I have the following regular expression:

(</?[a-z][a-z0-9]*[^<>]*>)

I have the following text:

<DIV><P class='abc'>Hello <B>Mister</B>! How are you >..< doing? </P>
<I>I'm good</I></DIV>

Now I'd like to split the text per tag:

<DIV>
<P class='abc'>
Hello 
<B>
Mister
</B>
! How are you >..< doing?

</P>
<I>
I'm good
</I>
</DIV>

How can I do this with Javascript regex?
Is was able to get it to work but had to start over because javascript doesn't support lookbehinds.

(basically split on html tags and keep the delimiters)

Edit:
My goal with this is to use html to store formatting. I want to feed the html above to a javascript object. The javascript object separates the formatting from the text and does action A for formatting objects and action B for regular text.
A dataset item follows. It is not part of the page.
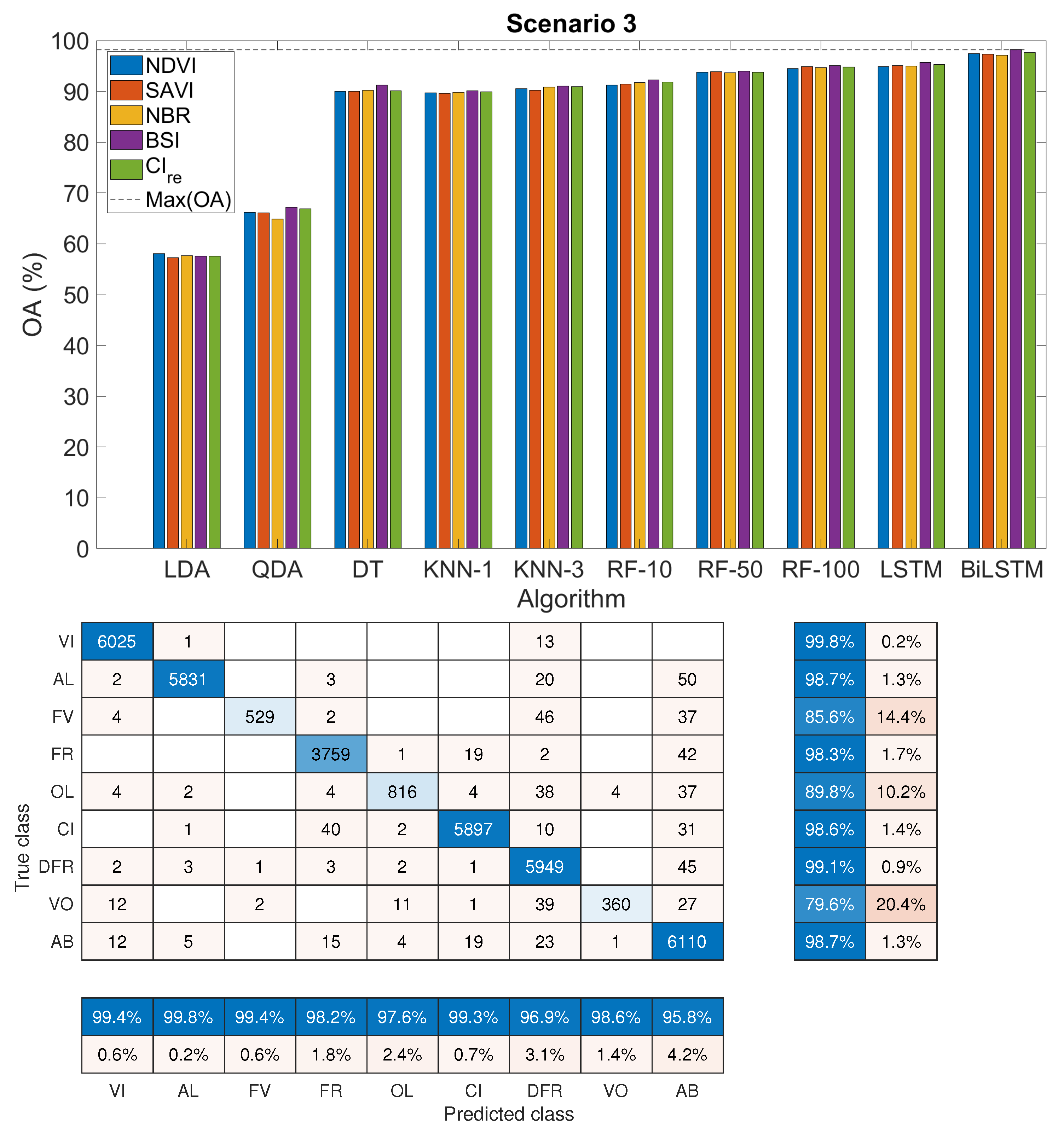 Agronomy 11 00654 g006 Agronomy 11 00654 g006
I know it sounds a bit vague, but I don't want to reveal too much about the project.

Yvo
  • 18,681
  • 11
  • 71
  • 90
  • Out of curiosity, is there a reason you're trying to parse HTML using a regex? Unless you have a lot of control over the input, [you may have a few problems](http://www.codinghorror.com/blog/2009/11/parsing-html-the-cthulhu-way.html). – NT3RP Sep 05 '11 at 16:42
  • 2
    First of all, your HTML is not valid, thus making it much harder to parse - `>..<` should be encoded as `>..&lt`. Secondly, [Parsing HTML with regex summons tainted souls into the realm of the living](http://stackoverflow.com/questions/1732348/regex-match-open-tags-except-xhtml-self-contained-tags/1732454#1732454). – shesek Sep 05 '11 at 16:44

3 Answers3

4

I actually agree with Omar on this issue, but I'll give you the regex anyway. :)
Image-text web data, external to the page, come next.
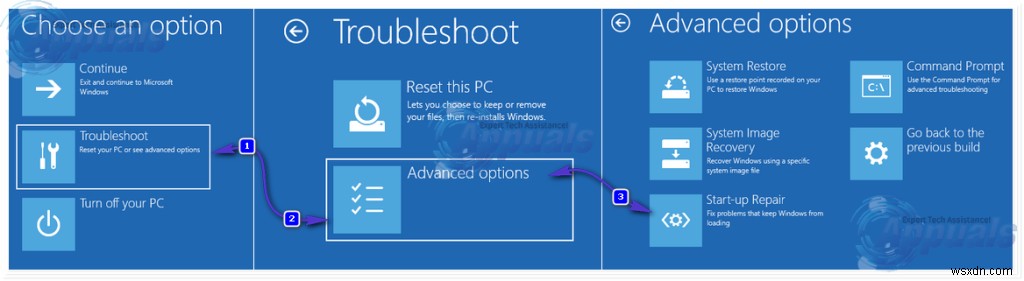 Windows 8/8.1 और 10 में स्टार्टअप मरम्मत कैसे करें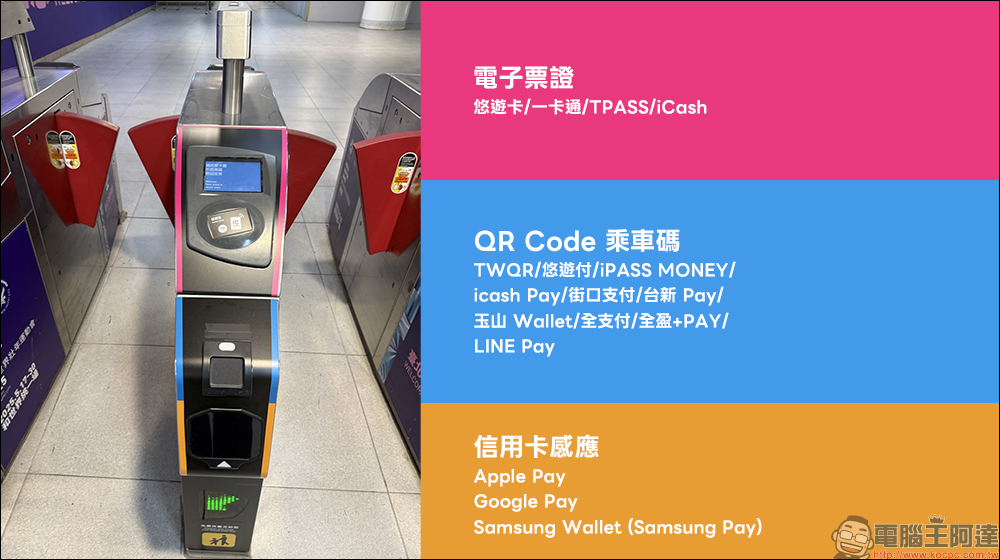 台北捷運宣布 QR 乘車碼 2026 年 1 月上線,信用卡感應明年 7 月也可用 - 電腦王阿達 台北捷運宣布 QR 乘車碼 2026 年 1 月上線,信用卡感應明年 7 月也可用 - 電腦王阿達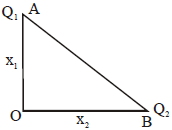 Question diagram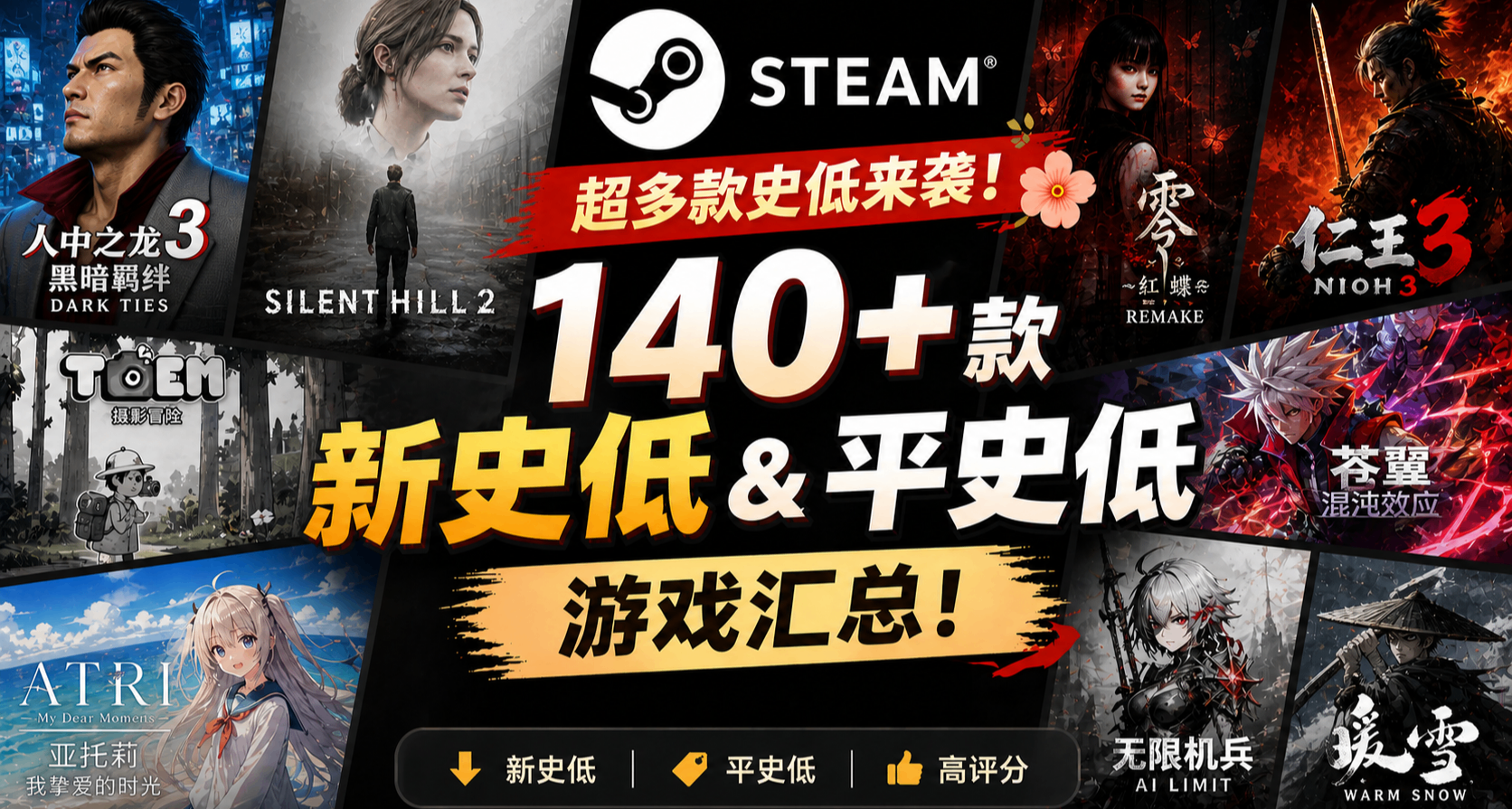 超多款史低來襲 | Steam 140+ 款新史低&平史低遊戲彙總！！
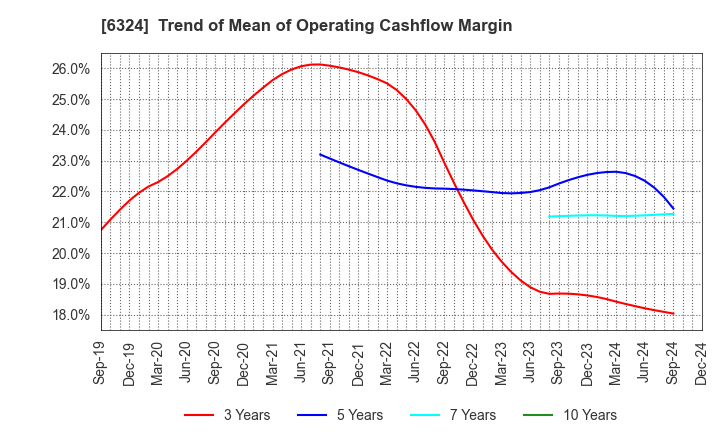 6324 Harmonic Drive Systems Inc.: Trend of Mean of Operating Cashflow Margin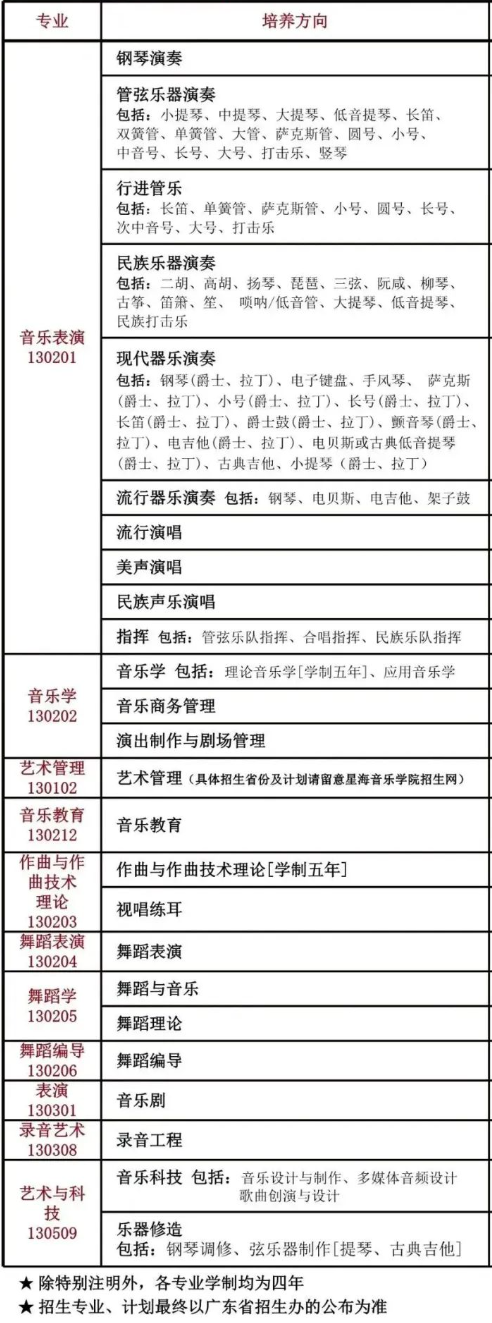 全国联考艺术类院校大汇总!这些院校你了解吗？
\<[^>]+?>|.+?(?=(?:<[^><]+?>|$))
Paul Walls
  • 5,884
  • 2
  • 22
  • 23
  • Thanks, small question: if the html ends with a piece of text it doesn't work. How do I fix that? (now it has to end with a tag) – Yvo Sep 05 '11 at 16:54
  • What about if there is a ``? – 6502 Sep 05 '11 at 16:55
  • 1
    @6502 There are probably some edge cases that will break any regex. See shesek's link in the comment to the OP. :) – Paul Walls Sep 05 '11 at 17:20
  • This is a common misconception. While it's true that no regexp can parse an html document (or any hierarchical syntax) it doesn't mean a regexp cannot parse tags. – 6502 Sep 05 '11 at 17:34
1

This was mentioned for infinite times. Regex is not the right tool to do that. Regex is good with small, short and finite amount of text. The likes of checking and validating user input.

I would suggest that you learn more about the browser DOM model. Each tag is an object in the DOM, and can be selected with JavaScript, and also referenced. You can play with your data that way.

Omar Abid
  • 15,753
  • 28
  • 77
  • 108
0

Cannot test right now, but what about

/(<\/?[a-zA-Z]+([^"]|"(\\.|[^"])*")*>)|([^<]|<[^a-zA-Z])*/
6502
  • 112,025
  • 15
  • 165
  • 265